The recent news about a Virginia judge throwing out DUI cases has focused public attention on presumptions of law — specifically, the presumption of innocence. What is less appreciated are the recurring presumptions of fact in those same DUI cases — legal presumptions that simply ignore accepted scientific fact.  

One of the greatest sources of error in breath-alcohol testing, for example, is the consistently recurring fallacy that the individual tested is perfectly average in certain critical physiological traits. Put another way, obtaining an accurate blood-alcohol reading in a DUI case is completely dependent on the validity of a number of assumptions. Unfortunately for the person being tested, these assumptions are usually incorrect: The person tested is rarely "average" in even one of these critical characteristics, let alone in all of them.

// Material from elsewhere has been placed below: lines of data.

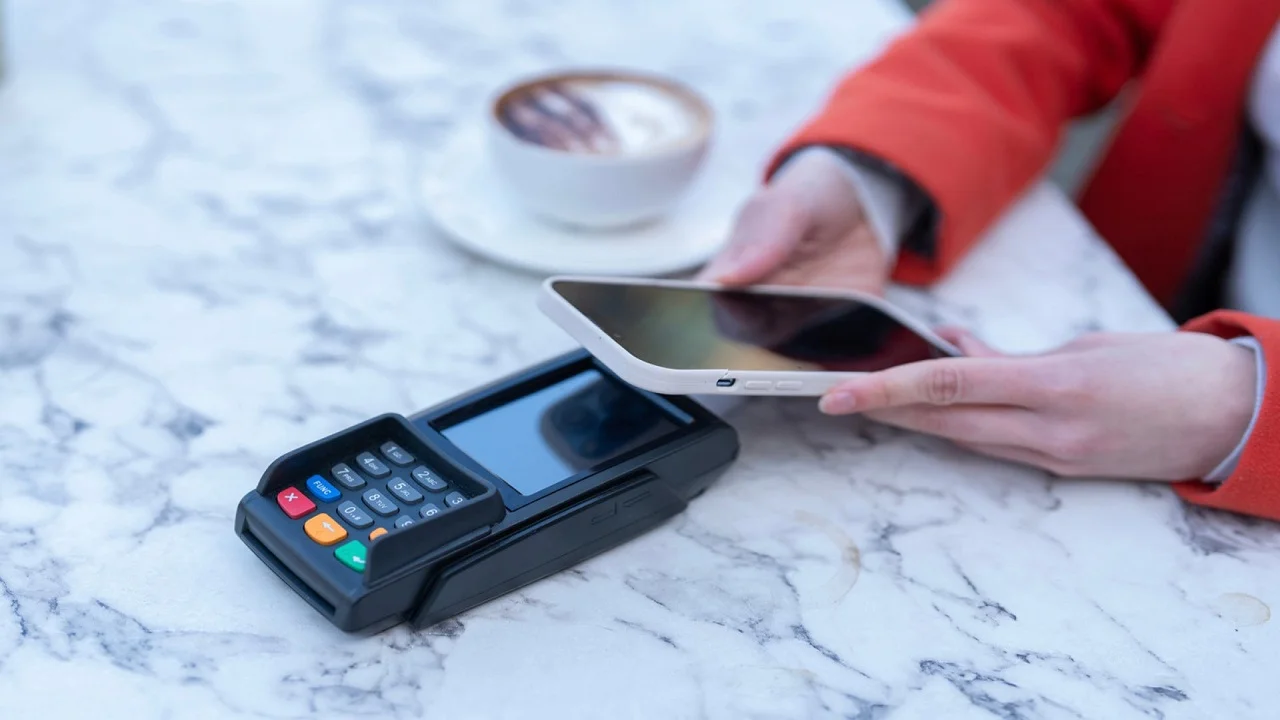 Federal, Provincial Governments to Go Cashless by End of 2026
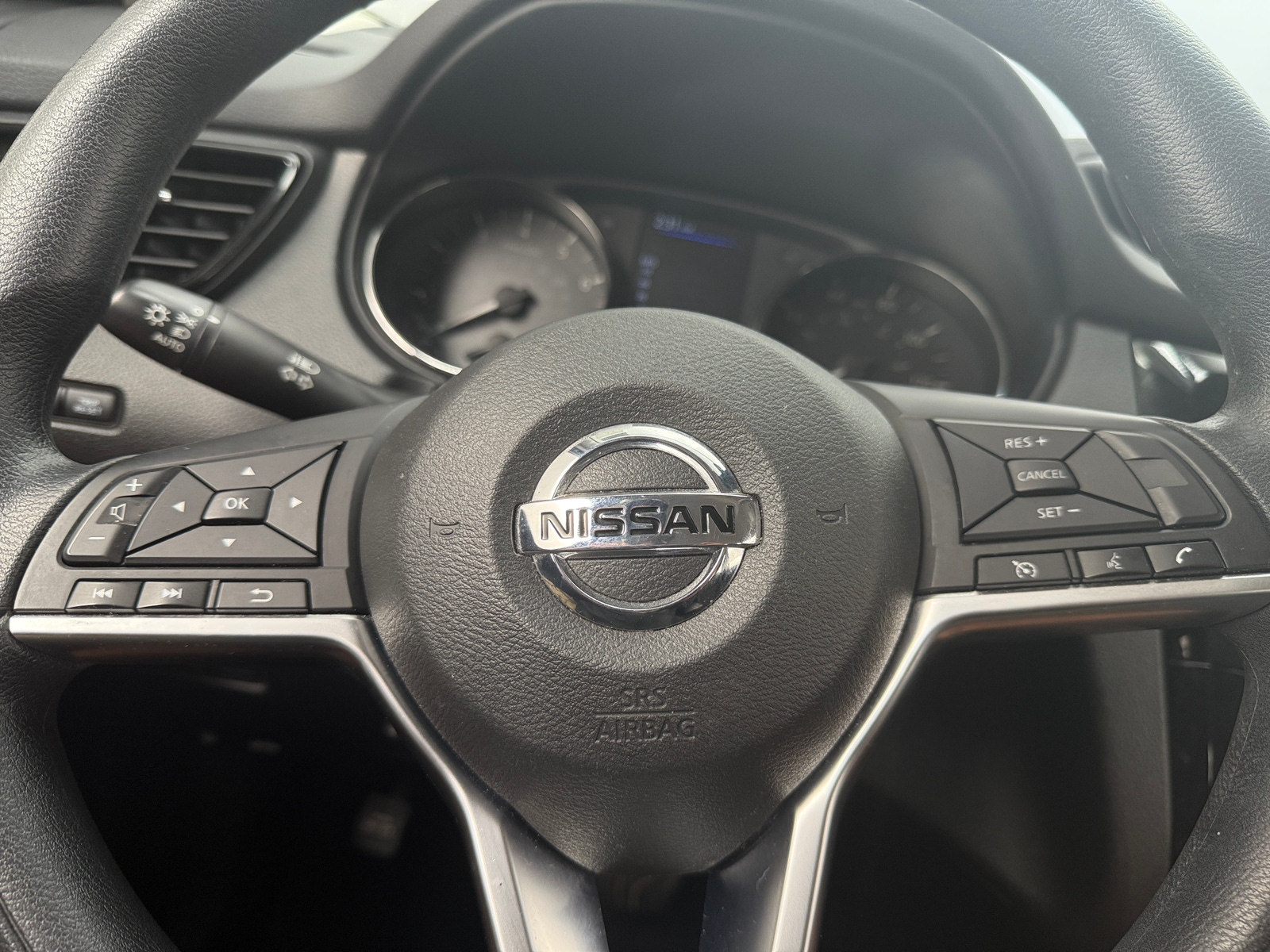 Thumbnail: 2022 Nissan Rogue Sport - 5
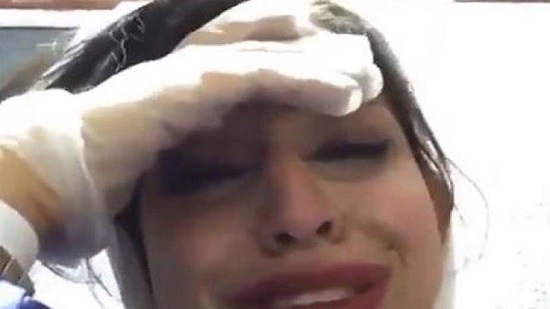  بالفيديو .. مُمرضة إيرانية تبكي و تطالب المواطنين بالبقاء في منازلهم 
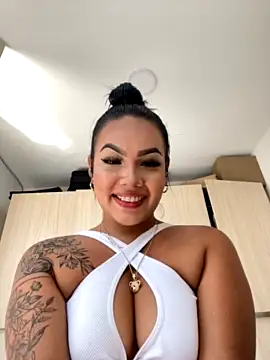 daffne__ naked strip on cam for live sex video chat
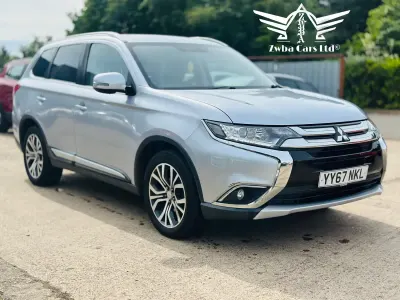 Used Mitsubishi Outlander 147 HP (108 kW) 2017 Silver SUV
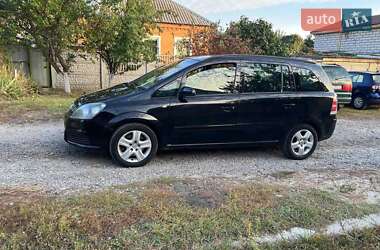 Минивэн Opel Zafira 2005 в  фото 13 Минивэн Opel Zafira 2005 в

For example, all breath testing devices depend on the assumption that the ratio between alcohol in the exhaled breath and alcohol in the blood is 1 to 2100. In fact, the machine is designed to produce a reading based on that assumption; the accuracy of the reading is directly tied to the accuracy of the presumption. Yet, the actual ratio in any given individual can vary from less than 1:1300 to more than 1:3000. So a DUI suspect  with a true blood-alcohol level of .08 but a breath-to-blood ratio of, say, 1:1700 would have a .10 reading on an "accurate" breath testing instrument.

Put simply, these machines do not test individuals. Rather, they test the same "average suspect" over and over again, but using the individual subject’s breath.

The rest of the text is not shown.